Recensione: Cosmogonie

Di Alessandro Rinaldi - 30 Ottobre 2020 - 8:30
Cosmogonie
Band: Dysylumn
Etichetta: Signal Rex
Genere: Black 
Anno: 2020
Nazione:
Scopri tutti i dettagli dell'album
85

Ci sono dischi che catturano la nostra attenzione immediatamente e altri che lasciano il segno, perché non sono solo album ma un’esperienza; e proprio le esperienze che maggiormente ci segnano sono quelle più difficili da raccontare per via dell’alto grado di coinvolgimento, perché dentro si vive un terremoto emotivo che blocca l’intelletto e apre il cuore.

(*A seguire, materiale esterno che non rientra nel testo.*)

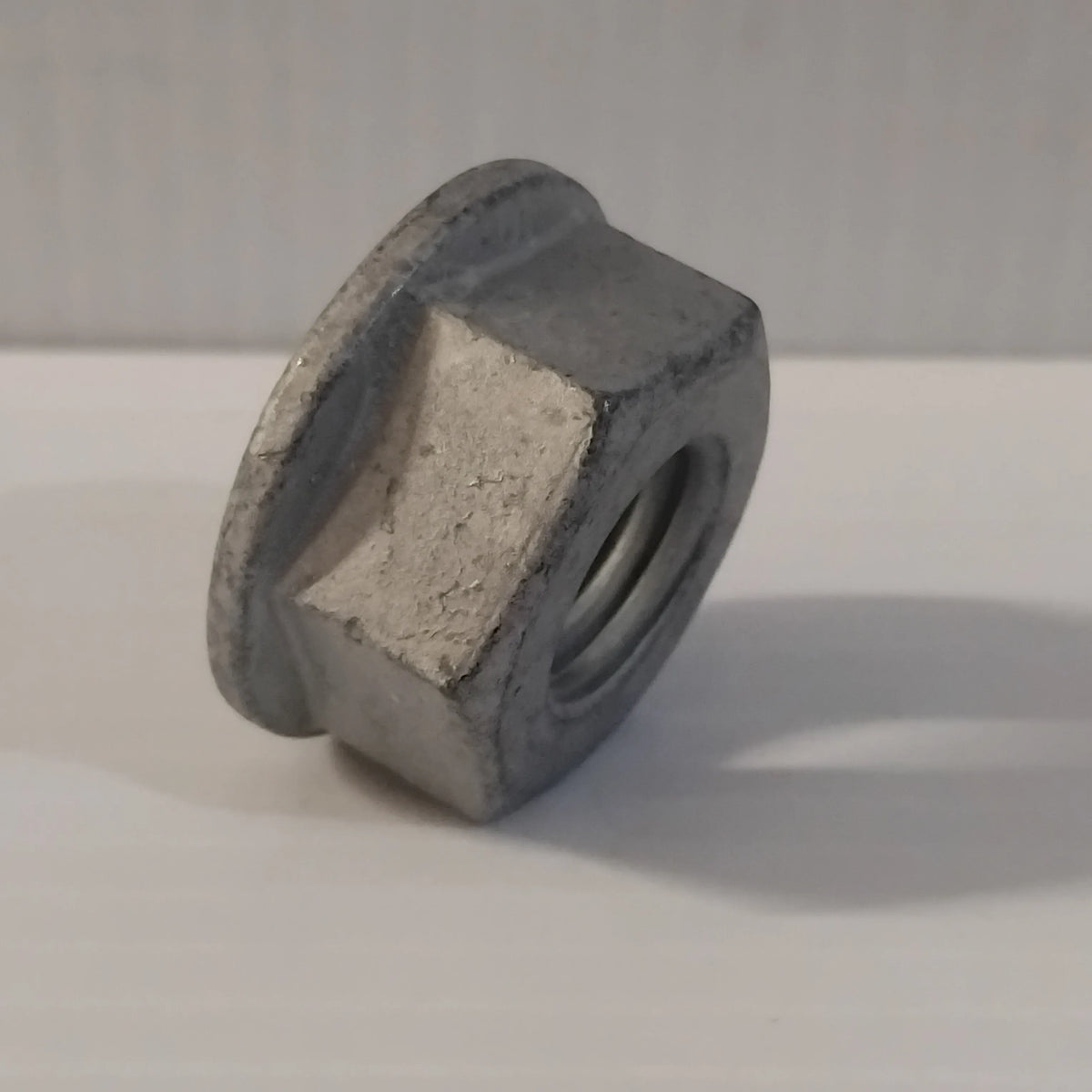 Genuine Ford Nut | 2177949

In “Cosmogonie” non c’è solo musica, ma molto di più.

Parliamo di un lavoro ricco di simbolismi, non soltanto nella musica. L’artwork è particolare, con in primo piano un vortice che potrebbe sembrare un buco nero che fagocita i pianeti. In realtà non si tratta di questo: il triangolo rovesciato rappresenta l’elemento acqua, ed il vortice è un chiaro riferimento al Maelstrom e soprattutto al cerchio della vita che tutto inghiotte, il cui centro coincide con quello del triangolo che racchiude il disegno. Meraviglioso.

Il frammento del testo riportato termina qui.